■ **SOURCE MATERIAL**:
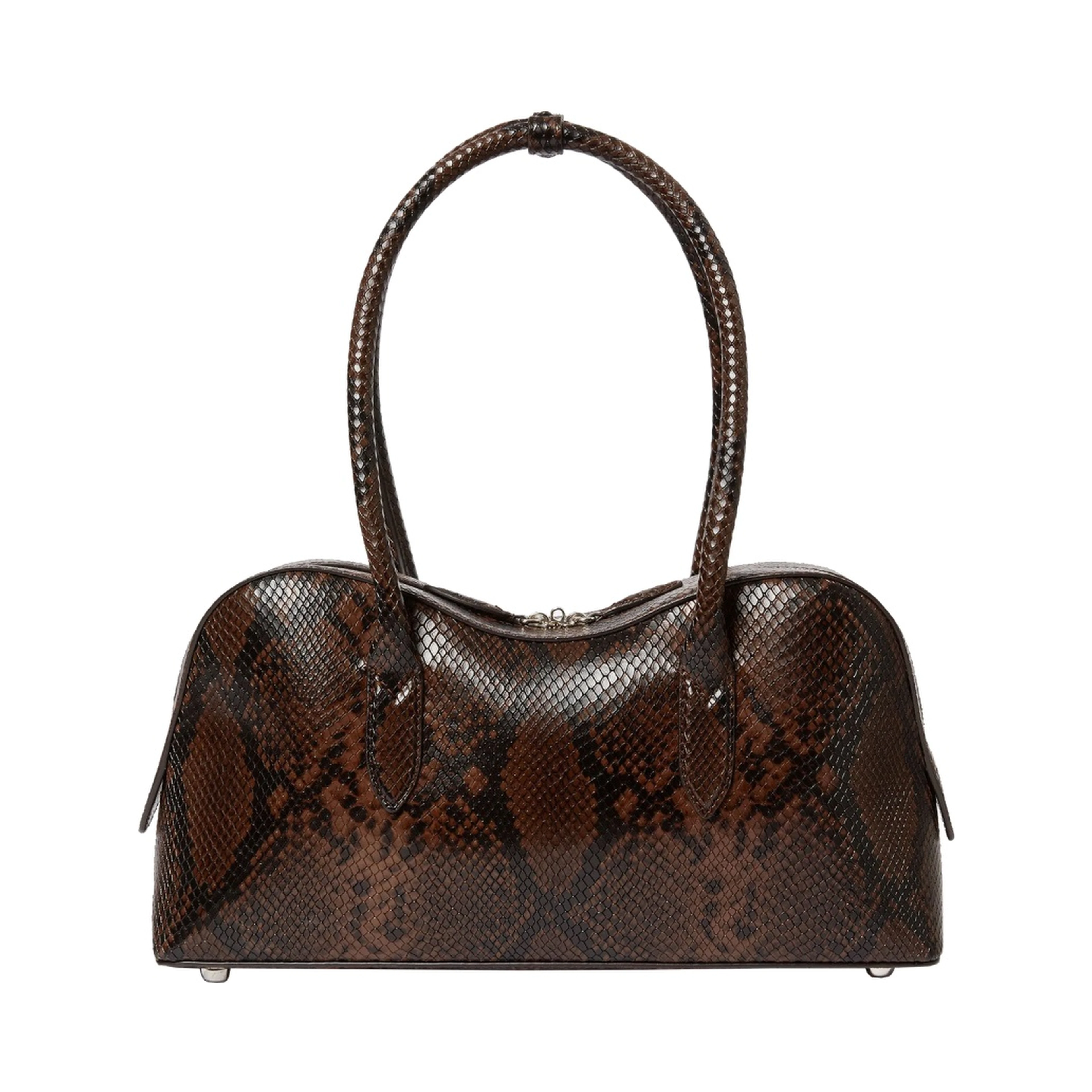 SHOULDER BAG "RYDER" MEDIUM
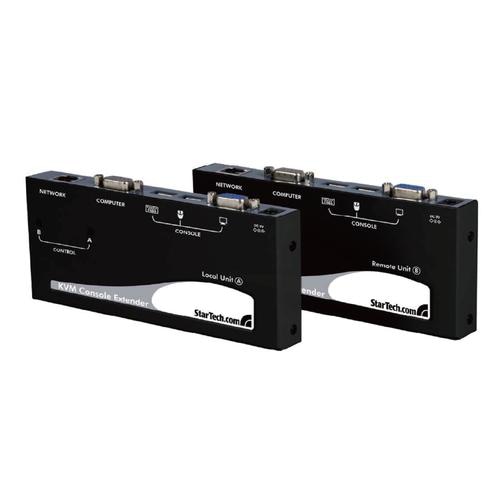 StarTech.com SV565UTPUGB video splitter VGA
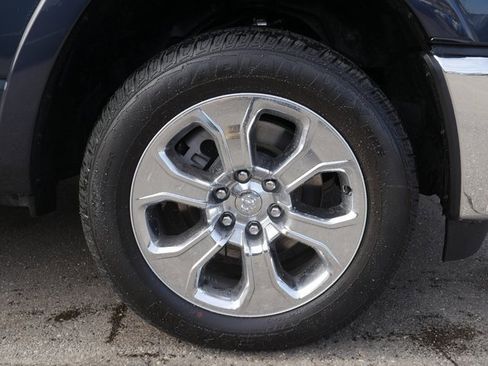 New 2025 RAM 1500 Big Horn image 12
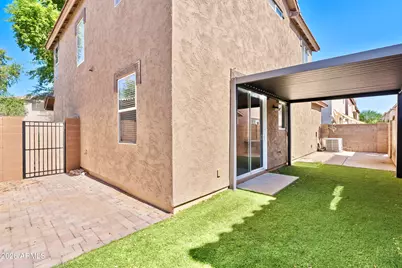 4249 E Carla Vista Drive, Gilbert, AZ 85295 - Photo 25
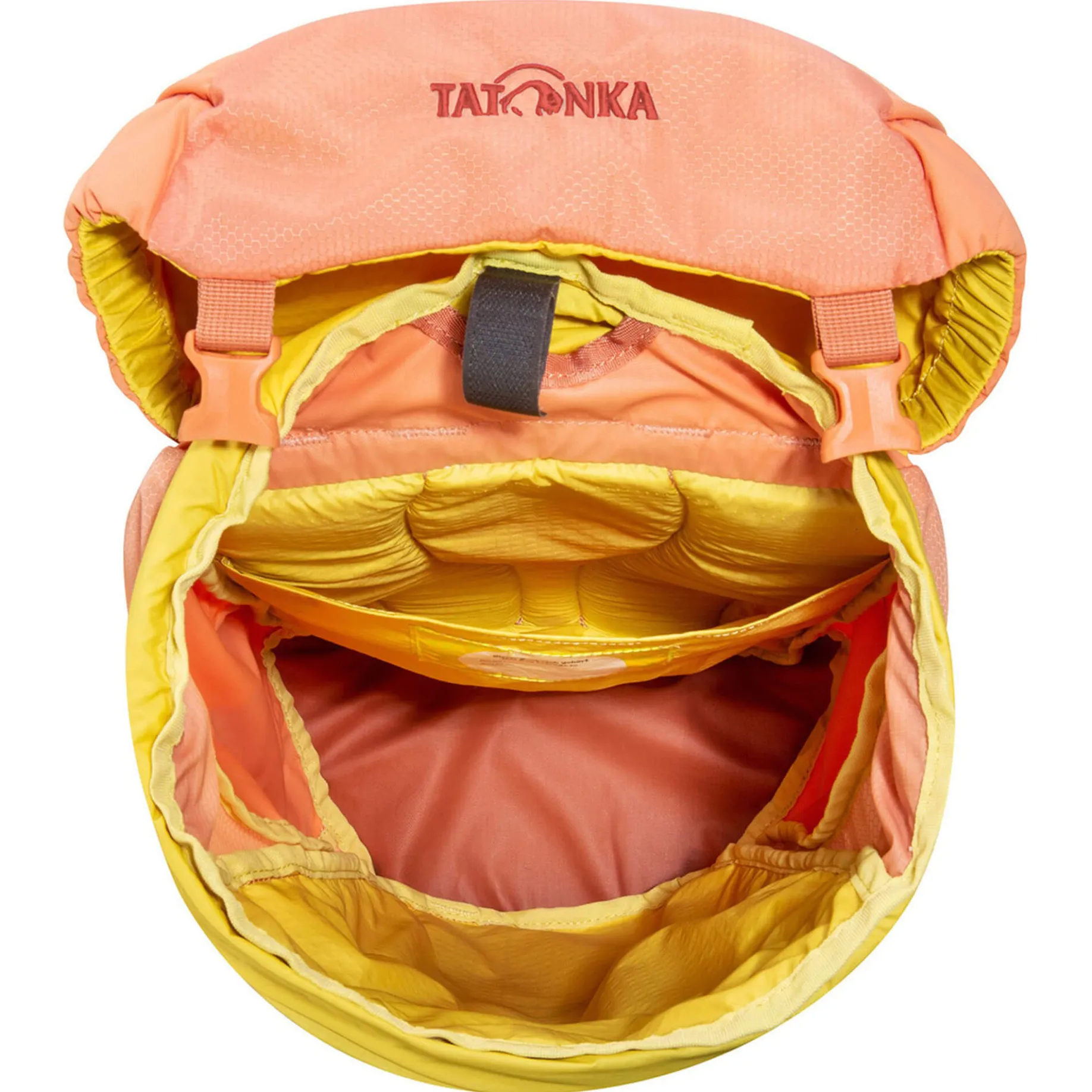Wokin 15 - Trekkingrucksack 46 cm (apricot)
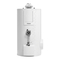 Warmwasserspeicher Vaillant atmoSTOR VGH 130/5 XZU Bedienungs- Und Installationsanleitung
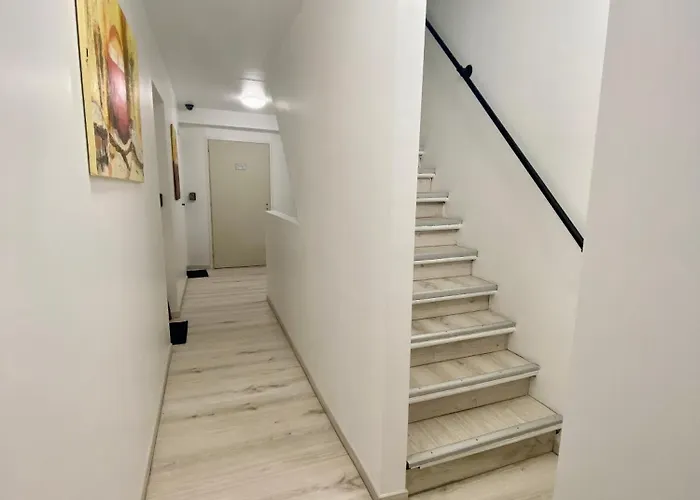 Апартаменты 104 Immeuble Perseverance *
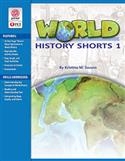 Image WORLD HISTORY SHORTS-1-BOOK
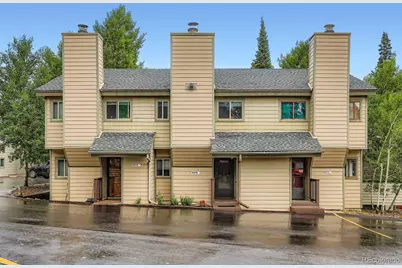 6916 Ryan Gulch Road #6916, Silverthorne, CO 80498 - Photo 1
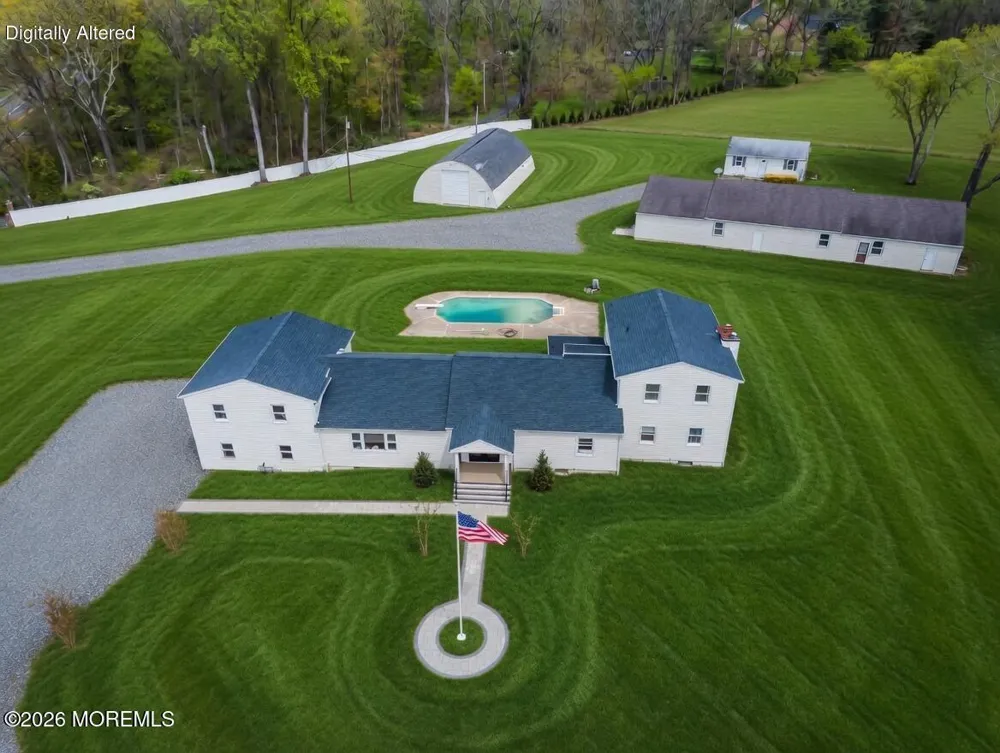 785 State Route 34 Colts Neck, NJ 07722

■ **TASK**: A word-for-word copy of the records is needed, one that contains no pictures.

■ **RESPONSE AREA**:
 SHOULDER BAG "RYDER" MEDIUM
 StarTech.com SV565UTPUGB video splitter VGA
 New 2025 RAM 1500 Big Horn image 12
 4249 E Carla Vista Drive, Gilbert, AZ 85295 - Photo 25
Wokin 15 - Trekkingrucksack 46 cm (apricot)
 Warmwasserspeicher Vaillant atmoSTOR VGH 130/5 XZU Bedienungs- Und Installationsanleitung
 Апартаменты 104 Immeuble Perseverance *
 Image WORLD HISTORY SHORTS-1-BOOK
 6916 Ryan Gulch Road #6916, Silverthorne, CO 80498 - Photo 1
 785 State Route 34 Colts Neck, NJ 07722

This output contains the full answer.